Two runaways, two worlds, and the pursuit of freedom.  This week's episode covers Anthem and Breakfast at Tiffany's, two American classics with surprising similarities.

Sources / Further Reading:
Biography of Ayn Rand (Gale)
Biography of Ayn Rand (Encyclopedia Britannica)
Biography of Truman Capote (Encyclopedia Britannica)
"The Legendary Friendship of Harper Lee and Truman Capote"
About Truman Capote (PBS)

Comments

Stephen said…
An interesting pair to place together, to be sure. "Anthem" was the first book I read by Rand, and I liked the general theme of it even if the writing was a little weird. I mentioned in my review that there's a scene where the main character is talking to his love interest, and she expresses her love, and he goes off on a tangent about the importance of the concept "I". It took me a few years, but I read The Fountainhead last year, and Atlas Shrugged just recently. Both have the same odd expression of characters, and both are more about the ideas than the characters, but Atlas has two characters who change gradually over the course of the 1000+ book.

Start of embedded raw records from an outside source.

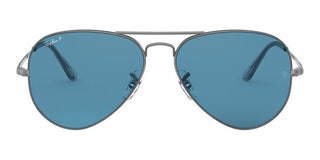 Ray-Ban AVIATOR METAL II RB 3689 unisex Ruthenium Pilot Sunglasses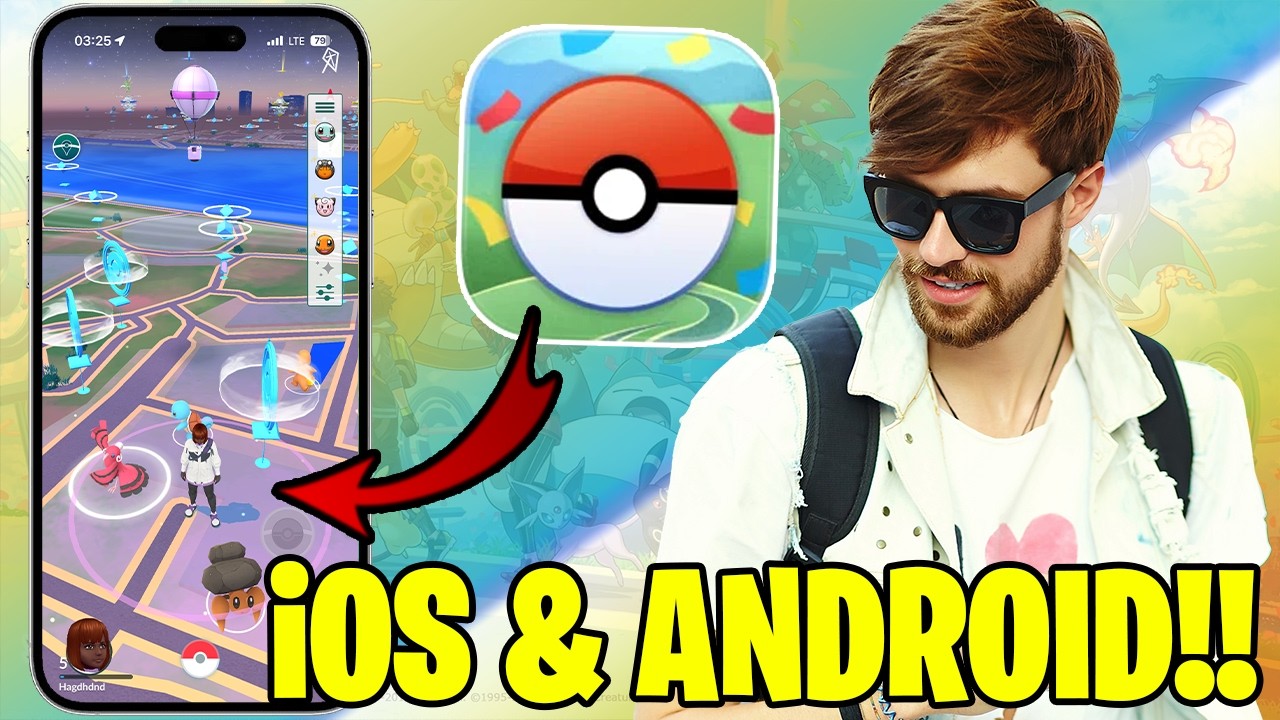 Pokemon GO Spoofing iOS & Android - UPDATED Spoofing Pokemon GO 2026 with Joystick, Teleport background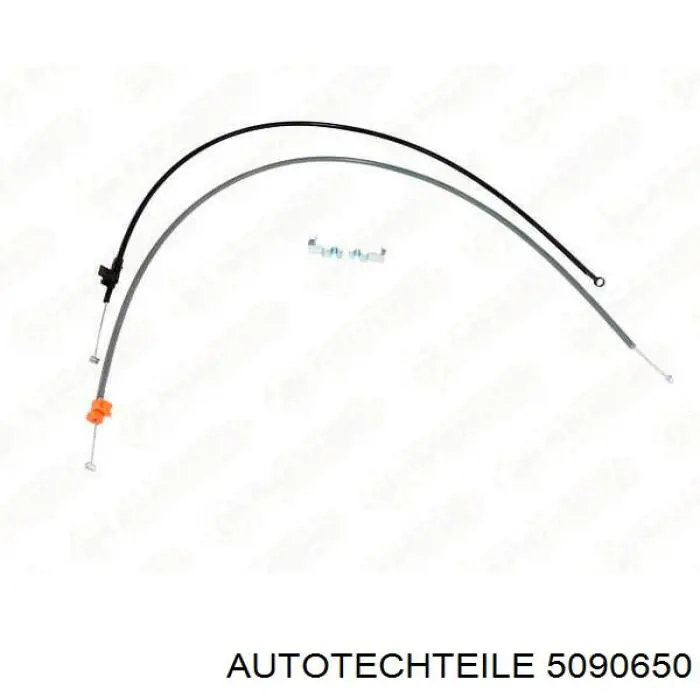 509 0650 Autotechteile cabo de controlo de calorífero (de fogão)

Something I was batting around while listening to your show was the difference between liberty and license....Holly Golightly could model license well enough! (The movie does clean her and the writer up a bit...there's this great vulnerability to Audrey's version that I didn't notice when reading Capote's original. It helps that viewers get to hear her sing:

https://www.youtube.com/watch?v=uirBWk-qd9A)
Marian H said…
Ok, maybe I *should* really watch the movie. :) I love Moon River...I used to plunk it out on the piano as kid. It was in one of those old "top hits" piano books, so I had no context for it, just that I liked it.

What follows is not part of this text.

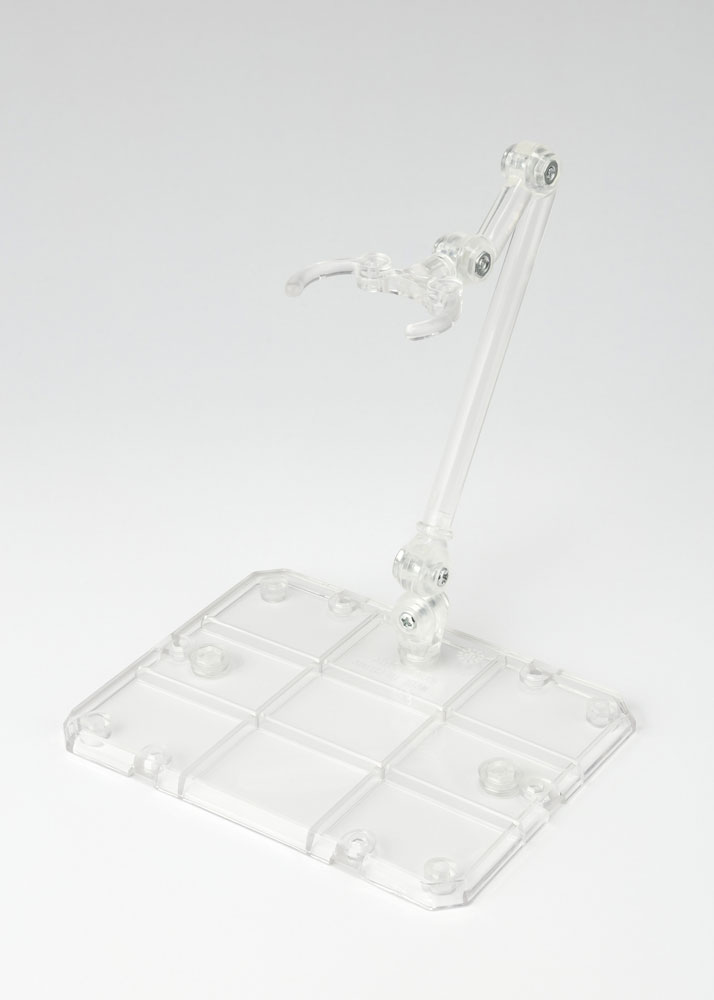 Tamashii Stage Figure Stand Act.4 for Humanoid Clear 14 cm Action figures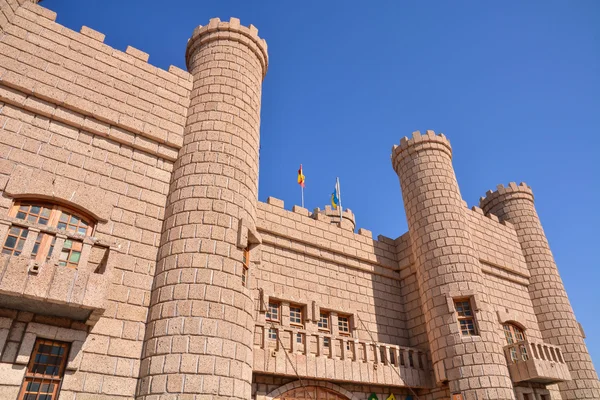 Castillo medieval de Brown — Foto de Stock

Liberty and license - it's a fine line, for sure. I was kind of deliberating whether I took the comparison between the books too far... It would have been so interesting if Rand wrote a sequel to Anthem; then we could see how Equality develops as an independent person. It feels like the story ends when the action really picks up.

I'm anticipating your review of Atlas Shrugged; maybe it will shed some light on the loose ends of Anthem.